Calling from the device: 613 791 8378, 4000 ms delay in the echo test because the jitter buffer is on the receive of a SIP channel, but its from the trunk.
Calling *43 from the device, zero delay in the echo test.
Check in the comments too, and you’ll see an example of adding a jitterbuffer on the outgoing channel, but I’ll post it here too just in case. You can add a jitter buffer to the outbound channel by using a pre-dial handler:
; outbound pre-dial handler
exten => predial_outbound,1,NoOp()
same => n,Set(JITTERBUFFER(adaptive)=default)
same => n,Return()
exten => 101,1,NoOp()
same => n,Dial(PJSIP/${EXTEN},20,b(default^predial_outbound^1))
same => n,Hangup()
In Asterisk jitterbuffers only ever work on the read side of a channel. So if Alice is calling Bob, and you want to add a jitterbuffer to the Alice channel you can do that in the dialplan before dialing Bob:
exten => bob,1,NoOp()
; This adds a jitterbuffer on the channel that's about to dial Bob, Alice in this case
same => n,Set(JITTERBUFFER(adaptive)=default)
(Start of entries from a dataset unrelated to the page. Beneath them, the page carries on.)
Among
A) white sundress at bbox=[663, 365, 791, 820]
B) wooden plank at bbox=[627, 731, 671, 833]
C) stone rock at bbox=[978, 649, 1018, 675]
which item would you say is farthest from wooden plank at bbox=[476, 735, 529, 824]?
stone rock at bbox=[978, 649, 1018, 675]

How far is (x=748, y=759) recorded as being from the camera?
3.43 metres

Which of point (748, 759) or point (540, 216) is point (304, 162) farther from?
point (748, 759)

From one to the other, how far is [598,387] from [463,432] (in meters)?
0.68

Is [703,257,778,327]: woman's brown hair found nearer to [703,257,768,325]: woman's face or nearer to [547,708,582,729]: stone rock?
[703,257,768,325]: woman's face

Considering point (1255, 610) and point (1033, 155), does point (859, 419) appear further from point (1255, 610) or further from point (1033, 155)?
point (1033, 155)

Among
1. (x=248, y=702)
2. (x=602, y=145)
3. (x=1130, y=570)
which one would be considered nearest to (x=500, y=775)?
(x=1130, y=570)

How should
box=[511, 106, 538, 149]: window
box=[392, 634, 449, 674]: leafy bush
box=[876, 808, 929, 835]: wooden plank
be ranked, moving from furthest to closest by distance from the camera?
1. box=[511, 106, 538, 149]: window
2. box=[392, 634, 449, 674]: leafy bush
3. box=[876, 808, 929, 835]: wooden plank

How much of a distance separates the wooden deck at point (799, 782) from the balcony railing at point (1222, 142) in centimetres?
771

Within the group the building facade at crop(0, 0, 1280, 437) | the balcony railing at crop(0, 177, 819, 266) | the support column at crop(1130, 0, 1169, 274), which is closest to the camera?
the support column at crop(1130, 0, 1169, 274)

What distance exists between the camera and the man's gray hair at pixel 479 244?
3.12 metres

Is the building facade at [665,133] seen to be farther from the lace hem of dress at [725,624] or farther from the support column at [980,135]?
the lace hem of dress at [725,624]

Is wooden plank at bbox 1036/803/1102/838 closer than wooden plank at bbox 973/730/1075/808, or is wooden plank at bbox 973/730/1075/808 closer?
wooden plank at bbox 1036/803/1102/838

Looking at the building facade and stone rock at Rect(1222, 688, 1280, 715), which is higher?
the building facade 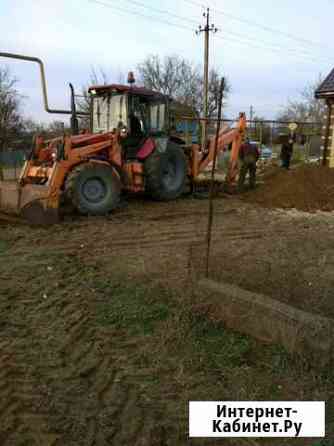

same => n,Dial(${TECH}/bob)
same => n,Hangup()
In this scenario just before Alice dials Bob and a jitterbuffer gets added to Alice’s channel. This means that all audio coming from Alice (the endpoint) gets read through her jitterbuffer. In this setup when Bob is dialed no jitterbuffer is added to his read channel. Meaning audio coming from Bob (the endpoint) does not get passed though a jitterbuffer. If you want a jitterbuffer applied to Bob’s read queue then you need to add that using the predial handler:
exten => predial_outbound,1,NoOp()
; This adds a jitterbuffer to the channel being dialed, Bob in this case
same => n,Set(JITTERBUFFER(adaptive)=default)
same => n,Return()
exten => bob,1,NoOp()
; This adds a jitterbuffer on the channel that's about to dial Bob, Alice in this case
same => n,Set(JITTERBUFFER(adaptive)=default)
same => n,Dial(${TECH}/${EXTEN},20,b(default^predial_outbound^1))
same => n,Hangup()
If you want similar to occur when Bob calls Alice then you have to do the same thing when Alice is dialed.
Thanks, so I did get this working but my context’s must be wrong (under FreePBX) [macro-dialout-one-predial-hook] works for the dialer jitter buffer but the only and obviously wrong place I could get this working for the receiver was in [func-apply-sipheaders].
[from-internal] and [from-internal-custom] didn’t work surprisingly…
Also this does not work when the Trunk and the Extension share the same codec (in this case G.711u). When the device codec is G722, it does work for both devices (caller and callee).